* Excerpts from a dataset *
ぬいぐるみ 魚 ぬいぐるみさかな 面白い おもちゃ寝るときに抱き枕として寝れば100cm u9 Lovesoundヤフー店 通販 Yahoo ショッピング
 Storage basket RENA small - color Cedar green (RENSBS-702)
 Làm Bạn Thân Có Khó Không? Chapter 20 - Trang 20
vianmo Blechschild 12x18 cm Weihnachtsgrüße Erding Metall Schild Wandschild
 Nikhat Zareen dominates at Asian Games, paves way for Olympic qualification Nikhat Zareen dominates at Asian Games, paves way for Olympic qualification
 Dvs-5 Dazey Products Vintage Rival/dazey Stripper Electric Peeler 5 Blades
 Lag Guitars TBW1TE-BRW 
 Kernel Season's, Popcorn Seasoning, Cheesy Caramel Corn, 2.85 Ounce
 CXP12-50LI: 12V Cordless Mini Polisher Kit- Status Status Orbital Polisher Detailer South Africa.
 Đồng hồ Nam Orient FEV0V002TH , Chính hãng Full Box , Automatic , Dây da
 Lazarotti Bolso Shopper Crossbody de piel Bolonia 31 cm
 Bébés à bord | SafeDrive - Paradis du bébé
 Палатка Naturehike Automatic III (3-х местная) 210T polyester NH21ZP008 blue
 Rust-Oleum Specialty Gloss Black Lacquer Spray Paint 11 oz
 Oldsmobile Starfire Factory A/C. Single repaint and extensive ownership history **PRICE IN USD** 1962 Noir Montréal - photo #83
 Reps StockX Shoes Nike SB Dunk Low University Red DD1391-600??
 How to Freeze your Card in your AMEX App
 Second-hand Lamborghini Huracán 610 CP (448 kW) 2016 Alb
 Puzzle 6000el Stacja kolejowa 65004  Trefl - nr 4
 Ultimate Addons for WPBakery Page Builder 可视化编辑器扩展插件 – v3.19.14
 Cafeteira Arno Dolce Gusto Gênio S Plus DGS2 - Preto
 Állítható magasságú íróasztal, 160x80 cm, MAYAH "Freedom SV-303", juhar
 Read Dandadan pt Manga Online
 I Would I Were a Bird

* Problem to work on *
Across all of the records above, how many lines include the string "Automatic"? Answer with one number only.

* Reply *
2